→ **DATASET EXCERPTS**:
⁂

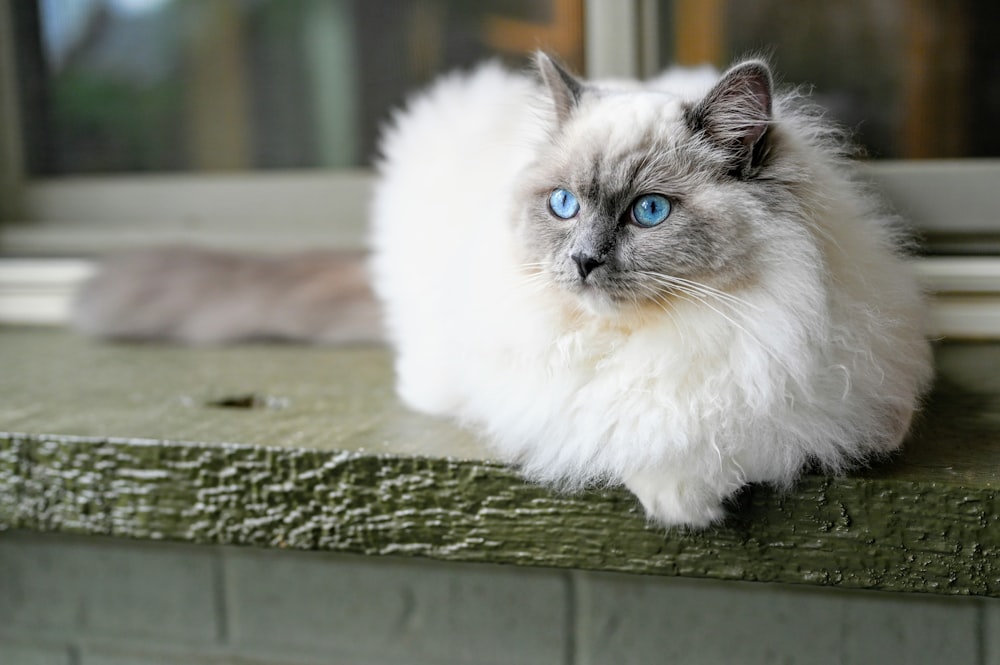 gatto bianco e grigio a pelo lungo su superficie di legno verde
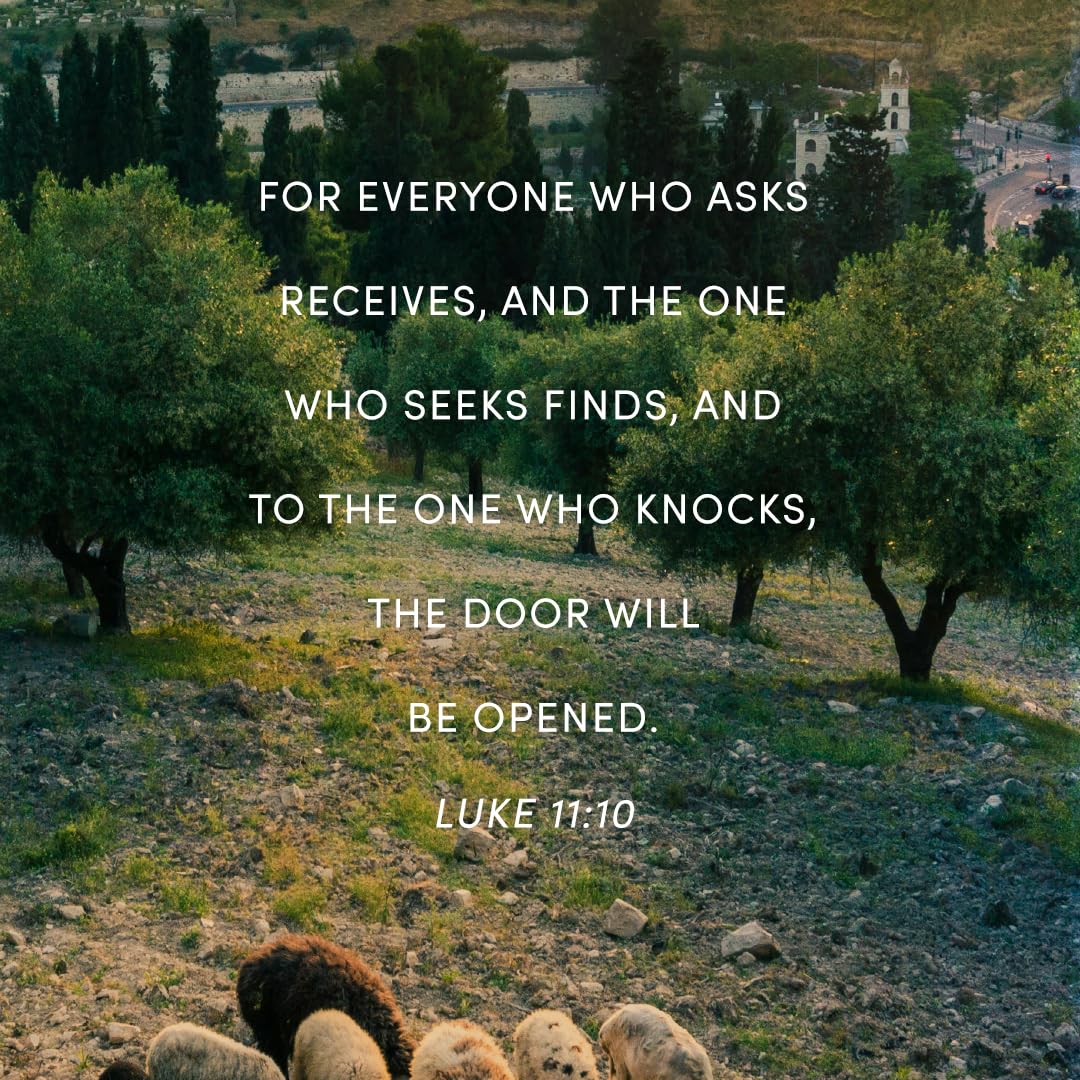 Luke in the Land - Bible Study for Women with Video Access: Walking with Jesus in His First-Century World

⁂

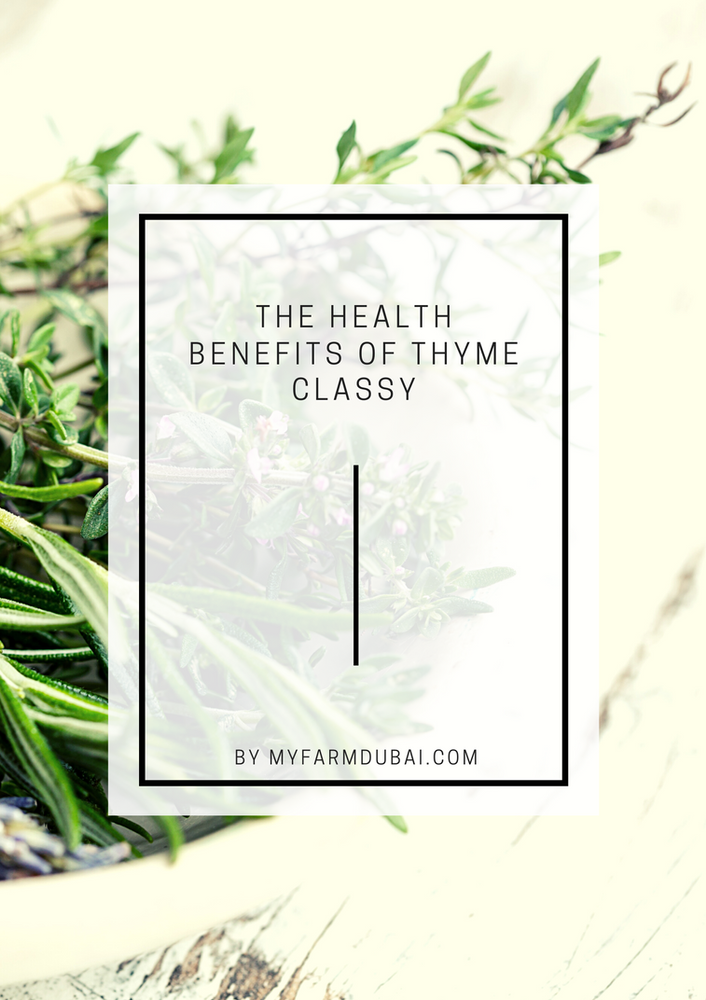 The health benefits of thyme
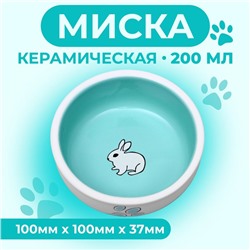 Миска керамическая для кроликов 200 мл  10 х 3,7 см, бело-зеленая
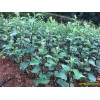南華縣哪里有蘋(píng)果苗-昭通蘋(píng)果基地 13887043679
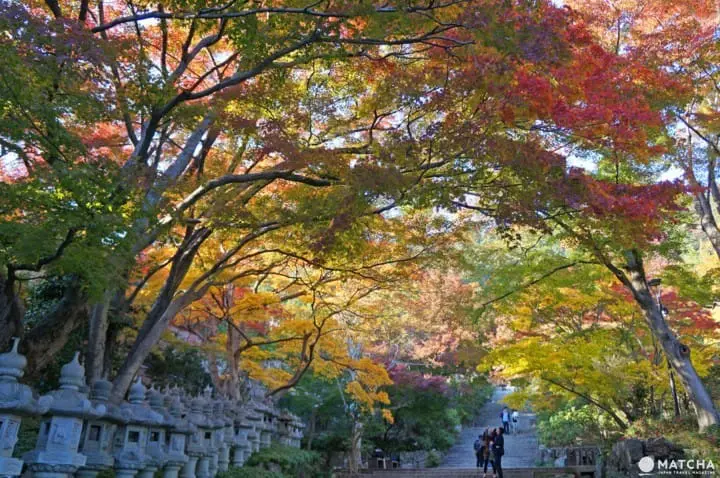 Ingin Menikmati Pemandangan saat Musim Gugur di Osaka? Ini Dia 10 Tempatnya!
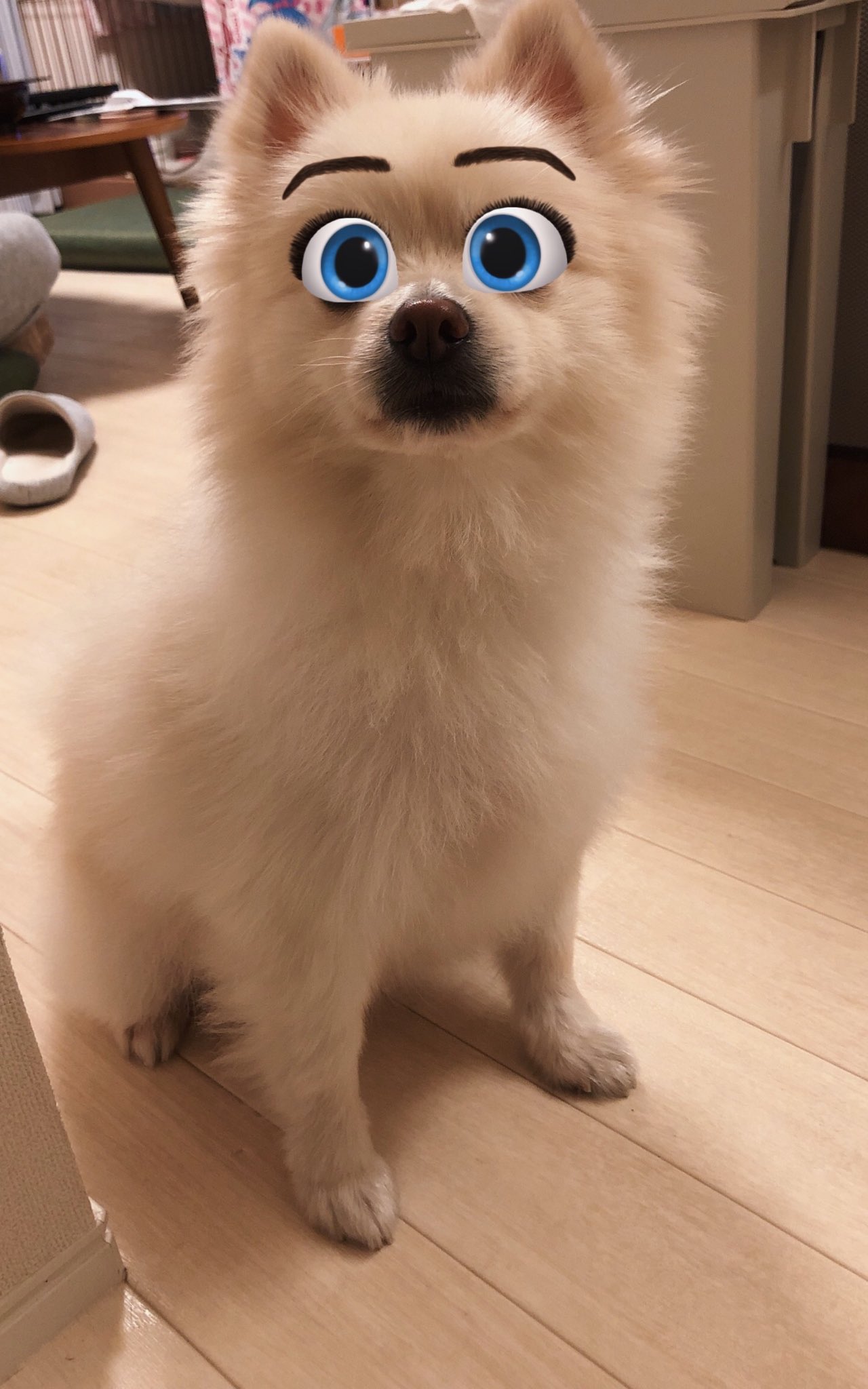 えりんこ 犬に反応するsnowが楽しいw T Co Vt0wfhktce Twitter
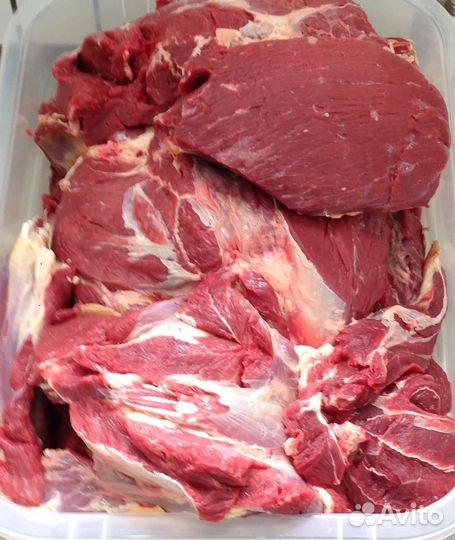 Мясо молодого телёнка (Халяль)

⁂

Would you please repeat only the lines above, beginning at the one that has "gatto bianco e" and stopping after the one that has "Luke in the", exactly and with no pictures?

→ **ANSWER SECTION**:
 gatto bianco e grigio a pelo lungo su superficie di legno verde
 Luke in the Land - Bible Study for Women with Video Access: Walking with Jesus in His First-Century World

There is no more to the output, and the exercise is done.